I liked the trappings and the framing of the story but the basic plot of strangers coming together to repair what is wrong with their lives was tired. None of their arcs had a lot of substance or originality. Or, failing substance, humor, suspense, drama, or engaging romance. On the positive side, it did have Brooke D'Orsay and Ryan Paevey as the main couple. Their performances were charming as usual. I like them separately, and they were OK together, but just OK. Maybe they are both just too nice to generate much romantic tension with each other.
It all starts out with a little girl and her father reading a fairy story about a magical town called Wunderbrook. Sadly the Dad dies and the little girl and her mother move away. Before she goes, she gives her storybook to her best friend Anderson and she promises to send him her stories as she writes them.
When next we see her, she owns a bookstore. Her aspirations to be an author have died on the vine due to her lack of self-confidence and fear of failure. Meanwhile, we catch up on her childhood friend Anderson who is now a surgeon who is questioning his calling due to losing a patient. We also meet a married couple who have grown apart and are on the verge of divorce and an old man who is very lonely since his beloved wife died.
Through various magical means (a detour on a road, a wrong number, getting lost, and a flooded basement) they find themselves together in Wunderbrook. It is the magical town of the storybook come to life. It turns out that they all had the book as children, but for some reason, it is only Brooke that starts to make the connection between the story and the real-life town they find themselves in. She is poopoo-ed throughout the whole movie, almost. As they spend time with the owners of the B&B and their daughter (really the King, Queen, and Princess), and the other denizens of the place, including the wicked witch, they start to get cured of what ails them. The hostile bickering couple starts to repair their marriage and the old man finds a friend in the owner of the bar/restaurant who is also bitter and lonely (the witch.) The two childhood friends start to fall in love as well as, in the end, get over the fears that are holding them back from fulfilling their dreams. It all comes together at the end with not only our friends on a happy road to love and success but Wunderbrook itself being saved, thanks to a certain aspiring writer.

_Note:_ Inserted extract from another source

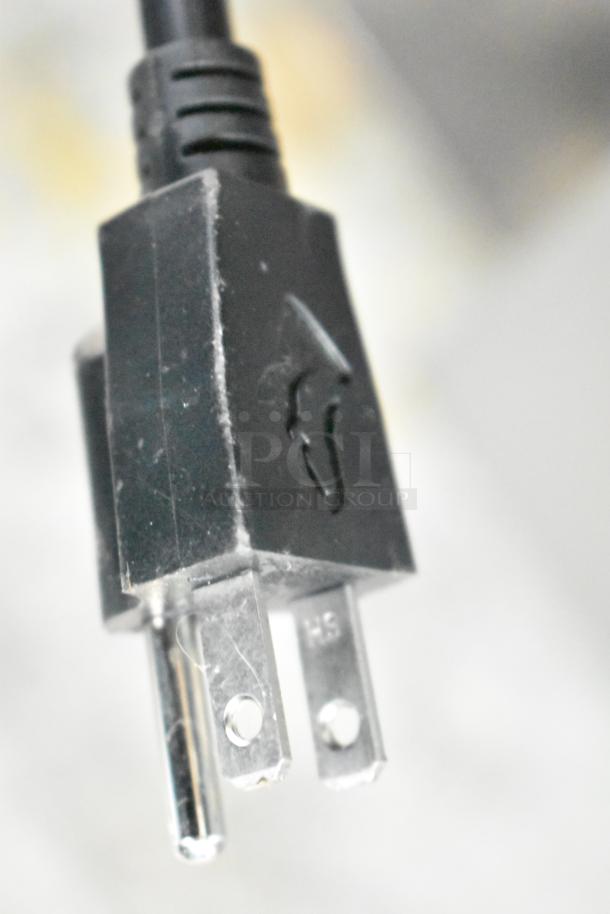 Close-up of a power plug for a Bunn ITCB-DV iced tea machine, 120 volts, 1 phase, showing standard prongs and slight wear.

Their individual stories of love and learning are told by a storyteller as if they were characters in a storybook. This was a new path for Hallmark to take and I liked and appreciated the creativity. Christmas Magic is a common trope but usually has to do with Santa and time travel. This was something quite different and, again, I appreciated it. Unfortunately, they forgot to find engaging stories to put in all that creative framing. It was, to paraphrase one of Brooke's publisher's rejections, "cute" but not entirely enough for me.